Of course, I know that not all is perfect. Many of our public schools are a disgrace, we have serious pollution problems (e.g., the Mississippi is one of the most polluted rivers in the world), violent crime is high, the recession has been real and many people are struggling to pay the rent, etc. But despite all those issues, the fact is that it is still POSSIBLE for someone to succeed in our country. Even the poorest of the poor can put together a good education from public schools and libraries, and then get government loans to community colleges or institutions like William Paterson University, and from there build a successful life. People do it; I’ve seen it at WP. And the poor in our country still typically own at least a few pairs of clothes, a TV, a cell phone, some basic kitchen items, etc. And we have amazing people out there like my brother-in-law Eric Bender who works with kids from poor and dysfunctional families to show them how to take advantage of the resources available to them.

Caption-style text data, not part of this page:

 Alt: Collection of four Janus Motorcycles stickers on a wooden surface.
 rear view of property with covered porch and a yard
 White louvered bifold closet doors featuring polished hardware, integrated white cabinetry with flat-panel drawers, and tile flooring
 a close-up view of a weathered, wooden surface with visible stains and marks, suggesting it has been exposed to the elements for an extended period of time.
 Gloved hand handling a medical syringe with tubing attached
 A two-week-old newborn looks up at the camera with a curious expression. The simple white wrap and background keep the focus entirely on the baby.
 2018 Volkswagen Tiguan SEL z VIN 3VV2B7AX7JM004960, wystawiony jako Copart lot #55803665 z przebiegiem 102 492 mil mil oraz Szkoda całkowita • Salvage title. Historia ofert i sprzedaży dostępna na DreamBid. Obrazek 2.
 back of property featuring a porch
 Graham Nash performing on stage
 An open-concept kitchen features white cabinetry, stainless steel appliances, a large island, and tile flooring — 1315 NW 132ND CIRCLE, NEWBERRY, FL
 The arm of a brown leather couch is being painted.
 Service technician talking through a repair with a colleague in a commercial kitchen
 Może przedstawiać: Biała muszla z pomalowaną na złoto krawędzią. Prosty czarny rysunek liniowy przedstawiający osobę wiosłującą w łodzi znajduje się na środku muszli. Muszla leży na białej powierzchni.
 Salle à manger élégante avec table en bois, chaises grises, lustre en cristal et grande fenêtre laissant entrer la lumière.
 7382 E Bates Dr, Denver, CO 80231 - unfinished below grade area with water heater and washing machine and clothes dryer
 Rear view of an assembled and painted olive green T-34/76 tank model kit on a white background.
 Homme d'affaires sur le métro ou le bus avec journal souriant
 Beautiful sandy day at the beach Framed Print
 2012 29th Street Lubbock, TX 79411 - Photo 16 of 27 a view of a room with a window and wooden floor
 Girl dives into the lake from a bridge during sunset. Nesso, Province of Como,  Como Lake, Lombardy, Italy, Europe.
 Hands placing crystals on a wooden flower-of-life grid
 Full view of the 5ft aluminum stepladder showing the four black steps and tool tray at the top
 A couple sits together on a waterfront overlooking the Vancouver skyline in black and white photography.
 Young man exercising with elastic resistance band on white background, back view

Not so in India. I’ve been complaining and grumpy about various things the last few days, but this morning I woke up and said “Dude, get some freakin perspective.” Yeah, our roof is leaking badly. Yeah, I’ve been sick constantly. Yeah, we had some tough weeks getting things working. But the fact is that we are living like royalty over here.
What do the people in the slums have? Virtually nothing. Their “roofs” are pieces of scrap tin, canvas, and plastic sheets salvaged from dumpsters. Propping them up is a hodge podge of old bricks and sticks and random metal poles or discarded rebar from construction sites. These huts house as many as six or seven people. Their floors are dirt of course and cooking is done over open cow-dung fires, with various scavenged detritus for utensils. They urinate and defecate in the fields or the sides of the roads. They own maybe one pair of clothes. If they’re lucky they have a bicycle or a few cows. School is out of reach. If they are able to find work it is of the most menial sort and pays about 30 rupees a day (about 80 cents USD). There is virtually zero chance any of them will escape this life.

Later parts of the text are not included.